AFE (Audio Front End)

Supported ICs

AFE Single Mic (Speech Recognition Mode)
- RTL8721Dx
- RTL8726E
- RTL8713E
- RTL8730E
AFE Dual Mic (Voice Communication Mode)
AFE Dual Mic (Speech Recognition Mode)
AFE Three Mic (Speech Recognition Mode)

Overview

AFE is audio signal processing module for enhancing speech signals. It can improve robustness of speech recognition system or improve signal quality of communication system.

In AIVoice, AFE includes submodules:

Currently SDK provides libraries for five microphone arrays:

1mic
2mic_30mm
2mic_50mm
2mic_70mm
3mic_50mm

Other microphone arrays or performance optimizations can be provided through customized services.

Refer to Event and Callback Message to see AFE’s output.

Algorithm Description

Flow Diagram

Single Mic

Multi Mic

AFE Mode

AFE includes two modes, corresponding to two typical usage scenarios: speech recognition and voice communication.

Usage scenarios

Mode configuration

Mode description

Speech recognition

afe_mode = AFE_FOR_ASR

When the processed data is used for ASR or KWS, it should be configured to this mode.

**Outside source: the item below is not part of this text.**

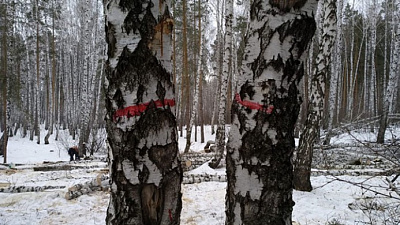В Челябинске остановили вырубку деревьев в сквере на улице Захаренко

In this mode, more attention is paid to speech distortion, and the tolerance for echo residue and background noise is higher.

Voice communication

afe_mode = AFE_FOR_COM

When used in the voice communication scenario, it should be configured to this mode.

In this mode, more attention is paid to avoiding echo leakage, and a certain degree of speech distortion is acceptable.

Note

In the Voice communication mode, the external interface supports 1mic and 2mic, while the internal algorithm only supports 1mic. When 2mic input is used, the internal algorithm calls the 1mic algorithm and uses the data from mic1 and ref.

Input Format

Single Mic
- Input audio data format: 16kHz, 16 bit, two channels (one is mic data, another is ref data). If AEC is not required, the input is single-channel of mic data.
- The frame length of input audio data is fixed at 256 samples.
- The input data is arranged as follows:
Dual Mic
- Input audio data format: 16kHz, 16 bit, three channels (two are mic data, another is ref data). If AEC is not required, the input is two-channels of mic data.
- The frame length of input audio data is fixed at 256 samples.
- The input data is arranged as follows:
Three Mic
- Input audio data format: 16kHz, 16 bit, four channels (three are mic data, another is ref data). If AEC is not required, the input is three-channels of mic data.
- The frame length of input audio data is fixed at 256 samples.
- The input data is arranged as follows:
- If SSL module is enabled, the microphone positions corresponding to the mic data should be arranged counterclockwise. Refer SSL (Sound Source Localization).

Note

If AEC is not required, Set related parameters as follows: enable_aec = false, ref_num = 0.

Configurations

Definition of Configuration Parameters

AFE configuration includes microphone array, working mode, submodule switches, etc.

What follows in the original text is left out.